Rehnquist-Roberts era speech law is not generally pro- or anti-free speech, but there are three major themes or patterns: (1) enlargement of the speech rights available to wealthy people, businesses, corporations, and otherwise favored people or institutions; (2) restriction of the speech rights available to people of ordinary means, workers and unions, government employees, students, and otherwise disfavored people or institutions, and of the basic democratic rights of every American to vote and participate as equals in the electoral and political processes; and (3) free-speech barriers to public access to the media and to electoral, economic, and social reforms aimed at improving the lot and lives of Americans. 
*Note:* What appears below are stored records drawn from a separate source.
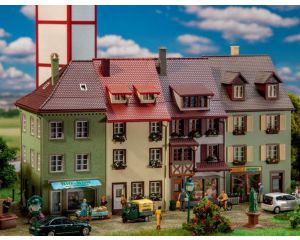 1/87 3 KLEINE STADSHUIZEN 130708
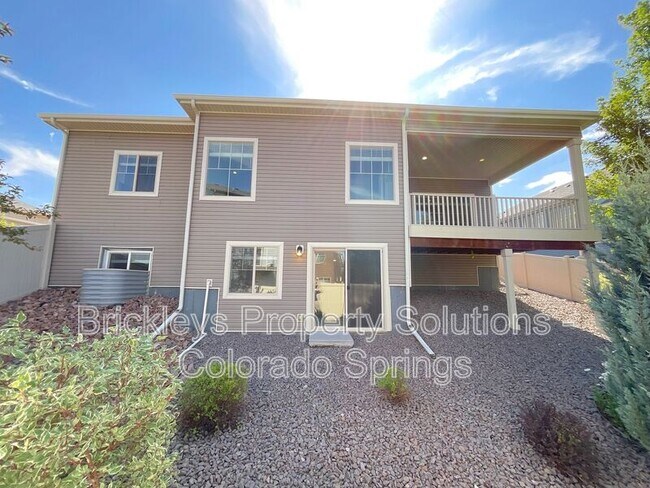 Foto del edificio - 6706 Golden Briar Ln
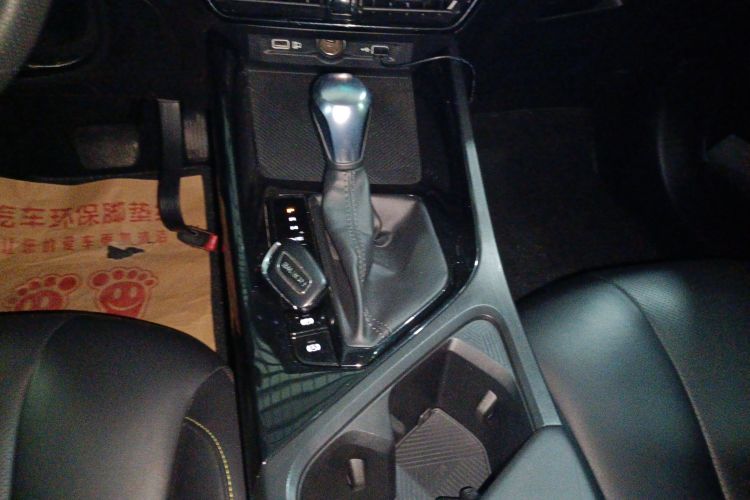 Roewe i5 2021 #18 Roewe i5 2021 car image #18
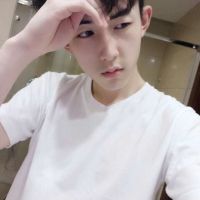 微信忧郁系帅气的男生头像生活照 给生命一个微笑去面对人生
The familiar First Amendment rhetoric of self-expression, empowerment of the people, and triumphal U.S. democracy still lingers, though sometimes strangely, in Rehnquist-Roberts era speech law.  The Buckley Court invalidated campaign finance limits because “the people . . . must retain control,” and suggested that unlimited money is democratic and will not affect the results of elections because the amounts of money spent on each candidate “normally vary with the size and intensity of the candidate’s support.”  The court did not explain how domination of the public debate leading up to elections by a very small group of our wealthiest keeps “the people [in] control,” and the money spent on each candidate will vary, of course, with candidates’ attractiveness to very wealthy people and corporations. 

This skews, corrupts, and undermines the democratic process, which is supposed to be based on the value and sanctity of each person, not each dollar.  Freedom of speech in the Rehnquist-Roberts era no longer has much to do with democracy, or with empowerment or self-expression of the American people, except for the very wealthy and for corporations claiming humanity. 

This is what we now call freedom of speech, and what we can expect for the future if the justices appointed in the next few years resemble the current majority.